**Required action**
Without any pictures, print the lines below from the one that has "Re-thinking Mediations of" through the one that has "怎样设计版式新颖的墙报啊？", exactly and nothing else.

**Given records**

*** Begin section ***

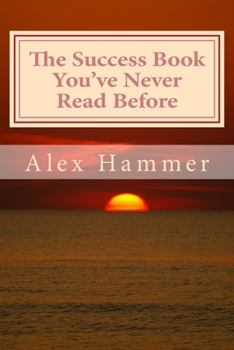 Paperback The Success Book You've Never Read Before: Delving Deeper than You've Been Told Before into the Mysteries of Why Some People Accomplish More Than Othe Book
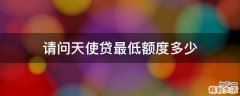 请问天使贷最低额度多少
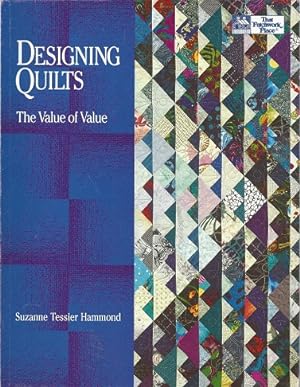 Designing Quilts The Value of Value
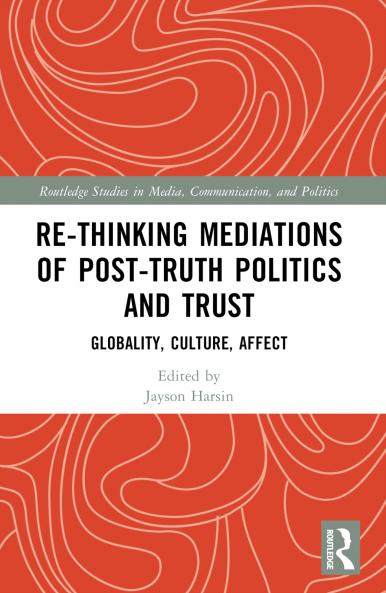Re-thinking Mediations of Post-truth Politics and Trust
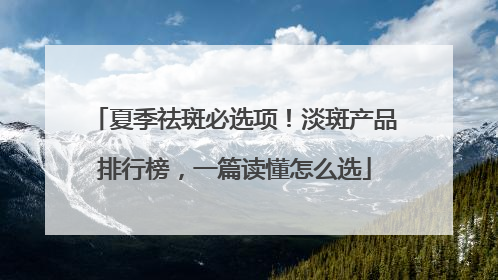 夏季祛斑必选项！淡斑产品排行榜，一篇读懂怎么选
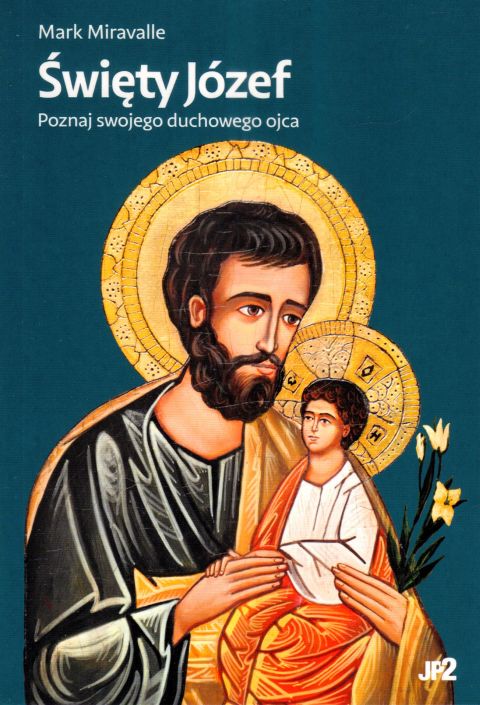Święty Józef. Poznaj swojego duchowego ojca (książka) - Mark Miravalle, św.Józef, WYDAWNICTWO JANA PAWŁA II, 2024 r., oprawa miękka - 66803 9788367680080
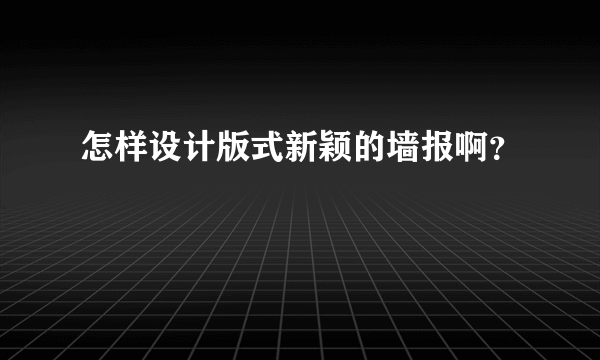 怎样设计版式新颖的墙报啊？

*** End section ***
*** Begin section ***

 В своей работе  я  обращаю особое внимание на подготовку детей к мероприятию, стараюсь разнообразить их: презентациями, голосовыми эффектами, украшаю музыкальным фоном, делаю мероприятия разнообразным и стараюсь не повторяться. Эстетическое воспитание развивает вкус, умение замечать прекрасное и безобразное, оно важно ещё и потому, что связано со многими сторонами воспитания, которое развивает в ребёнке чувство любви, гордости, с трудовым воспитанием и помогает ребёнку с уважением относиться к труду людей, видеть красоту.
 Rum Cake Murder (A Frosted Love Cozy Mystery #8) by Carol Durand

*** End section ***
*** Begin section ***

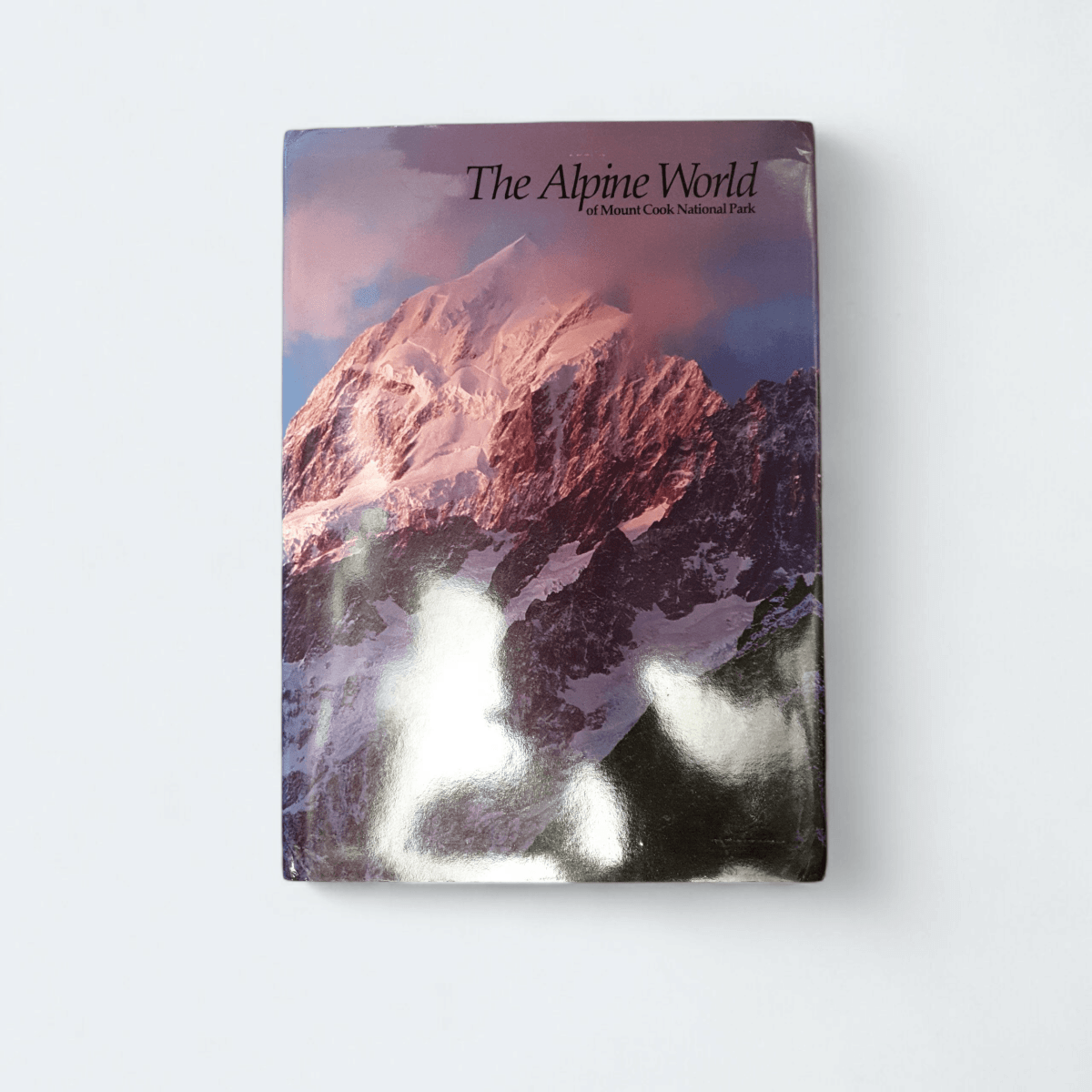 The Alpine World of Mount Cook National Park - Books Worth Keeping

*** End section ***

**Written answer**
Re-thinking Mediations of Post-truth Politics and Trust
 夏季祛斑必选项！淡斑产品排行榜，一篇读懂怎么选
Święty Józef. Poznaj swojego duchowego ojca (książka) - Mark Miravalle, św.Józef, WYDAWNICTWO JANA PAWŁA II, 2024 r., oprawa miękka - 66803 9788367680080
 怎样设计版式新颖的墙报啊？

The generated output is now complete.